You're confusing two unrelated situations.

Companies that dramatically underpay are often out of touch. So naturally they expect more effort than their already out of touch compensation would indicate.

But in companies with competitive comp, you almost certainly will be expected to meet a higher bar after negotiating a higher salary.

Once you argue for a higher salary than "the other guy" the implication is you can deliver more value. People don't just forget that on your start date.


“Somewhere between the janitor and the CEO, reasons stop mattering.”


Really good point. I feel really lucky making the money I do with the responsibilities I currently have. But posts like this make me feel some amount of FOMO. Responses like yours add good perspective these posts seem to be missing


But:

Overdelivering on expectations often just means be better than the rest of the company.

Most companies don't operate on global skill levels.


Means you failed to keep some back and now you rebaselined to that comp to work ratio


I believe this is the idea in theory. I don't think it holds a lot of weight in reality.


Honestly this sounds to me like a "you" problem. Tell your bosses what you can accomplish and do it. Do you really think your CEO is the most productive person at the whole company?


When the buck stops with you, yes you either get it done or step back

Are execs the most productive people at the company? They can be. They have a whole org attached to them so they can multiply their efforts through others. That’s one thing. Then there is the fact they I see execs consistently putting in way more hours to deliver on promises and responsibilities.

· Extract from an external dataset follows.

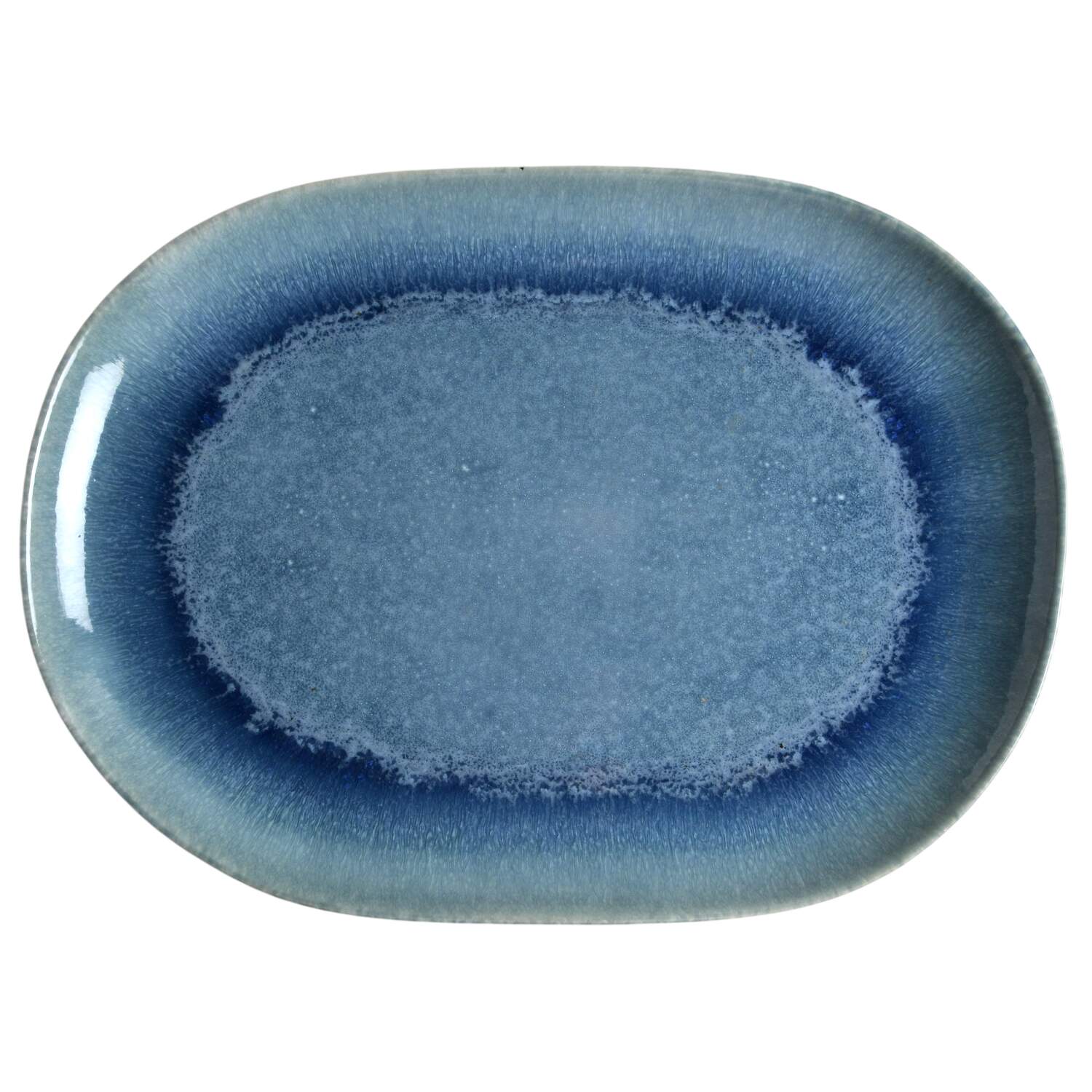 Caspian Blue 16" Oval Serving Platter by Crate & Barrel-1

I realize this isn’t always the case but high performers in top positions do exist. It’s seeing the required levels of dedication that actually made me decide not to pursue a career like that. It would exhaust me. I’m fine playing second fiddle. Not third, maybe, but second is fine.

.


God forbid people get value of the money they pay you


There's also opportunity which can quickly bring more money and promotion at IC level. Some big companies just have budgets for the hiring role and can't step outside it no matter how the hiring manager fights for you. You need to weigh up the pros/cons in such a scenario if the role is about more than just money to you. Sometimes it's pure $$$.